Quanto manca a chi scrive in questo surreale lunedì post-decreto non sono, come si vede, gli argomenti, ma piuttosto la ponderata valutazione di cosa implichino le misure di restringimento della nostra libertà di azione o, se vogliamo, di quali siano i danni che il maledetto virus è in grado di produrre non già nel nostro organismo (quelli sono riscontrabili tramite analisi, radiografie, TAC e, purtroppo, autopsie), ma nella nostra psiche, nel nostro porci in relazione con la società, nella sfera delle nostre esigenze affettive e in quella di un loro adeguato soddisfacimento. Riflettendoci su, avvertiremo allora un’ulteriore prezzo che dovremo pagare alla pandemia, per le limitazioni che ci impongono i decreti, che si aggiungono a quello dell’onere di carattere economico, di per sé cospicuo. è l’esproprio del nostro tempo, l’impossibilità di incontrare le persone che amiamo, di cenare assieme, di abbracciarci, di stringere la mano a un amico, di andare al cinema, a teatro, per godere di una condivisione sociale dello spettacolo, di incontrare personalmente uno scrittore o un poeta in occasione della presentazione di un suo libro. Per non parlare del tempo di socializzazione necessario come l’aria ai bambini e, ancor più, agli adolescenti, che avrebbero diritto di stare assieme, di ciarlare, di baciarsi e di iniziarsi reciprocamente a una vita affettiva – e, perché no, erotica – che il virus (non chi ci governa) mantiene problematica se non proprio interdetta.

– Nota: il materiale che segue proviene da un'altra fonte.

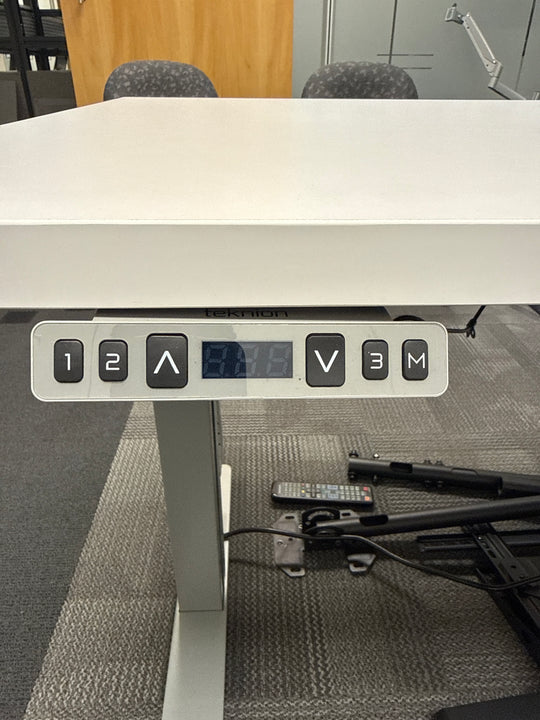 L-Shape Desk w/Sit Stand and BBFLF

Da questo tempo sottratto alla socialità deriva un’atomizzazione del tessuto sociale, per cui i cittadini sono respinti in una dimensione corporativa, settoriale, che finisce per divenire individuale, in cui ciascuno ricerca per suo conto una sua plausibile risposta al «si salvi chi può» che sembra proclamato ad ogni passo avanti dell’allarme sanitario, spesso fomentato per ragioni politiche da poco disinteressati commentatori e protagonisti del circo Barnum della politica nazionale. E di quella regionale, per lo più impegnata a sostenere energicamente la chiusura quando il governo apre, o l’apertura il giorno dopo che il governo ha chiuso, nell’insultante balletto cui abbiamo dovuto assistere dall’inizio di questa tristissima vicenda. Smarrita ormai la comunanza dei propositi, dei saluti di incoraggiamento da un balcone all’altro, dei tricolori esposti alle finestre, della retorica dell’«andrà tutto bene», ciascuno si ritrova isolato, solo con i suoi bisogni, con l’urgenza di soluzioni da inventare giorno per giorno, con la sporta della spesa che è, per molti, difficile ormai da riempire.

Criticare le determinazioni di chi ci governa è facile, persino in molti casi scontato, ma chi lo fa per guadagnare qualcosa per sé e per il suo partito, anche se si auto-definisce patriota, la Patria non sa nemmeno dove stia di casa.